__Assignment__
Beginning with the line that holds "Personalized Tampa Bay", copy each line to the end of the records exactly, except the pictures.

[Records from a collection]
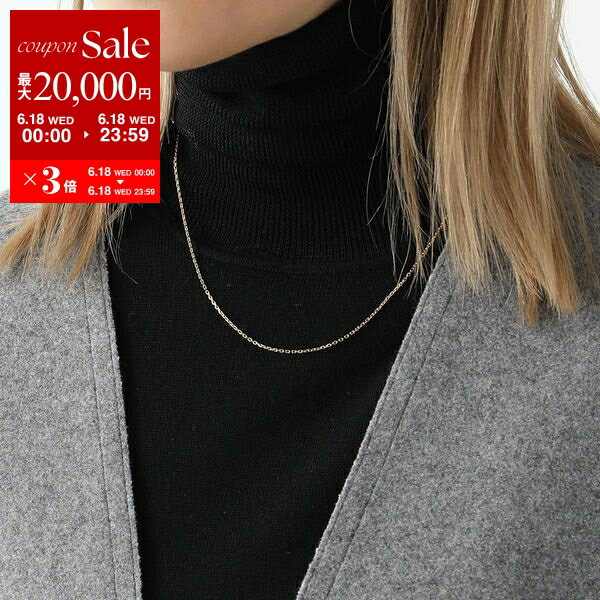 楽天インポートセレクトmusee【6/18限定・最大2万円OFFクーポン配布中】MARIA BLACK マリアブラック チェーン ネックレス Chain 50 Necklace 300370YG-50 レディース アクセサリー Gold-HP【po_sannn】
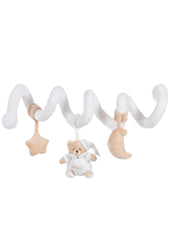 White Beige Spiral Rattle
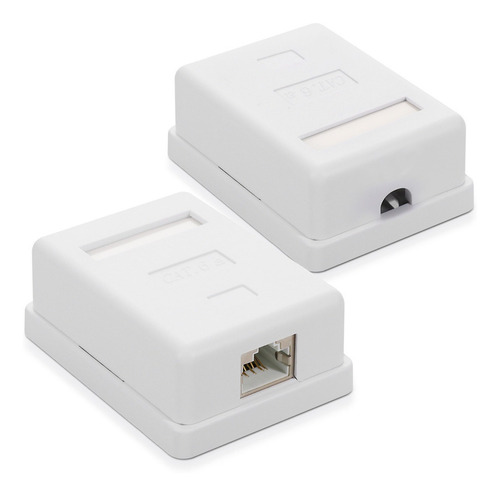 Roseta Rj45 Cat 6 Sobrepuesta Red Ethernet Utp C/ Modulo Int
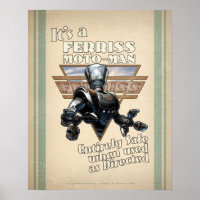 Poster de Robot Rétro Ferris Moto-Man (16x20")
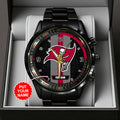Personalized Tampa Bay Buccaneers Black Stainless Steel Watch – TANTN16031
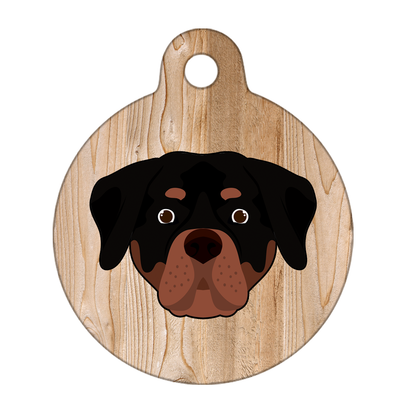 25mm Diameter Small Size - Rottweiler Dog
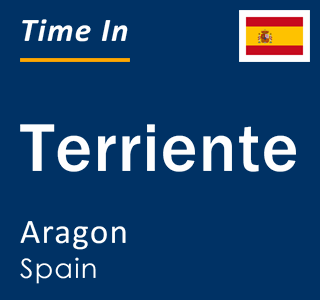 Current local time in Terriente, Aragon, Spain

__Written response__
Personalized Tampa Bay Buccaneers Black Stainless Steel Watch – TANTN16031
 25mm Diameter Small Size - Rottweiler Dog
 Current local time in Terriente, Aragon, Spain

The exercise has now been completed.